Oncogenic potential of DIMT1 in MM

It has been reported that 18S rRNA base methyltransferases, including DIMT1 and WBSCR22, are required for distinct pre‐rRNA processing reactions leading to synthesis of ribosome.42, 43 A study using siRNA screening identified an association between WBSCR22 and myeloma cell survival;44 however, the association between DIMT1 and myeloma oncogenesis is largely unknown. To examine its function in myeloma oncogenesis, we undertook a knockdown study of DIMT1 in myeloma cell lines (Fig. 4a). Because both hypoxia and miR‐210 transduction could downregulate IRF4, we reasoned that it might be a downstream target of DIMT1. Thus, we undertook transient knockdown of DIMT1 and investigated the relationship between DIMT1 and IRF4 expression. Transient transduction of siDIMT1 (siDIMT1#1 and siDIMT1#2) repressed IRF4 protein expression (Fig. 4b), although siDIMT1 did not affect IRF4 gene expression (data not shown). In addition, MYC/MYC and BCL2/Bcl‐2 did not show any expression changes. This result suggested that DIMT1 might have target selectivity and that it could regulate IRF4IRF4 translation.
Figure 4

Dimethyladenosine transferase 1 homolog 1 (DIMT1) regulates myeloma cell survival. (a) Quantitative RT‐PCR for in MM.1S, H929, and KMS11 cells transiently transduced with siDIMT1#1, siDIMT1#2, and control scrambled siRNA (Scr) for 24 h. Bars are mean ± 95% confidence interval of three independent experiments. ***P < 0.001. Student's t‐test was used to test for significance. (b) Western blot analysis of DIMT1, interferon regulatory factor 4 (IRF4), MYC, and Bcl‐2 in MM.1S, H929, and KMS11 cells transiently transduced with siDIMT1#1, siDIMT1#2, and control siRNA (Scr) for 48 h. (c,d) Cell cycle and percentage (%) of cells in sub‐G1, G0/1, S, and G2/M, examined in siDIMT1 transduced multiple myeloma (MM) cells. (e,f) Apoptosis assay in MM cells transiently transduced with siDIMT1#1, siDIMT1#2, and control siRNA (Scr). (e) Annexin V assay.
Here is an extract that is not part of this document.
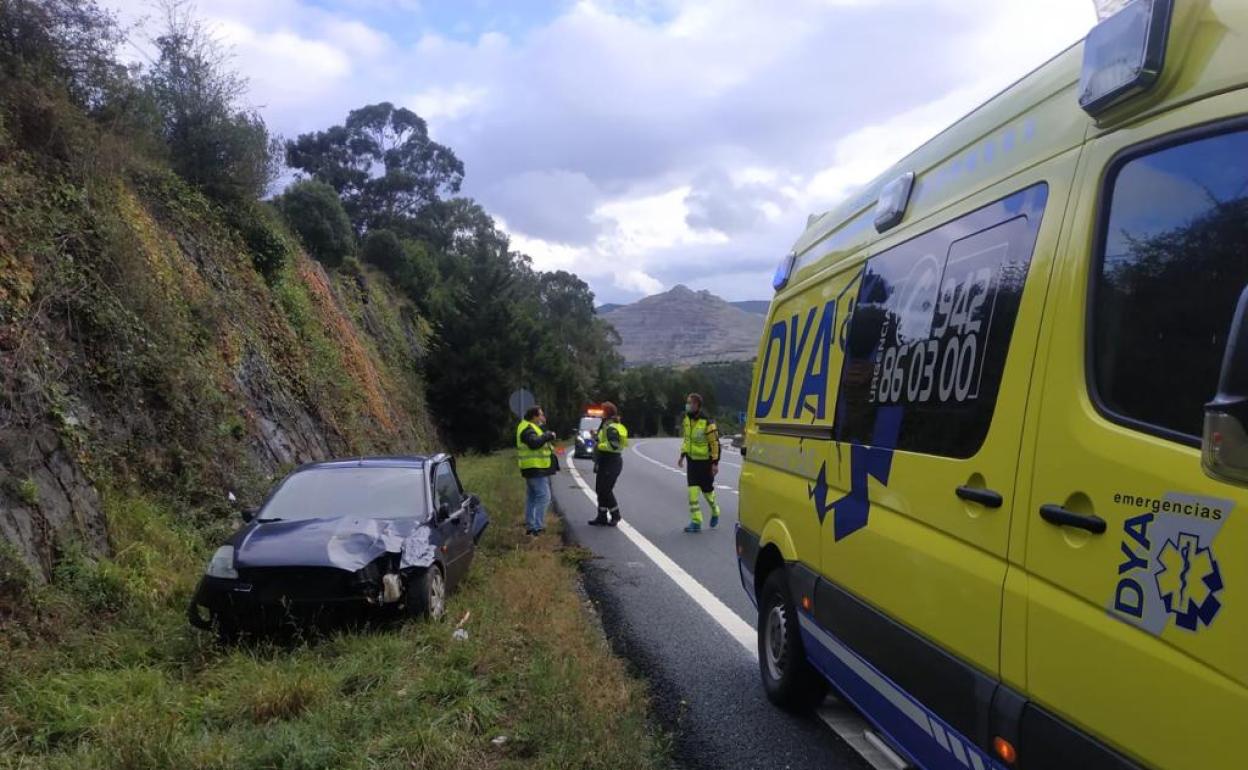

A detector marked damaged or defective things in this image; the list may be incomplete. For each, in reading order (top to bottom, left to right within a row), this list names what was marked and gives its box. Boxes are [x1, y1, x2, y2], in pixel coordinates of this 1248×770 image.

damaged car hood [235, 516, 436, 571]
crashed dark blue car [187, 454, 489, 633]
R1, viable (no‐apoptotic) cells; R2, early apoptosis; R3, late apoptosis; R4, necrosis. x‐axis: annexin V; y‐axis: propidium iodide (PI). (f) Percentage (%) of viable cells (R1) and apoptotic cells (R2 and R3). Bars represent mean ± 95% confidence interval of three independent experiments. **P < 0.01; ***P < 0.001. Student's t‐test was used to test for significance. (g,h). In vivo transplantation of shDIMT1 (shDIMT1#1‐GFP, shDIMT1#2‐GFP) or Control‐GFP stably transduced MM.1S cells into NOG mice (n = 10 each). (g) Photograph of tumors. (h) Tumor growth curve. x‐axis, time after transplantation (days); y‐axis, tumor volume (mm3, major × minor2/2). ***P < 0.001. Student's t‐test was used to test for significance. NS, not significant.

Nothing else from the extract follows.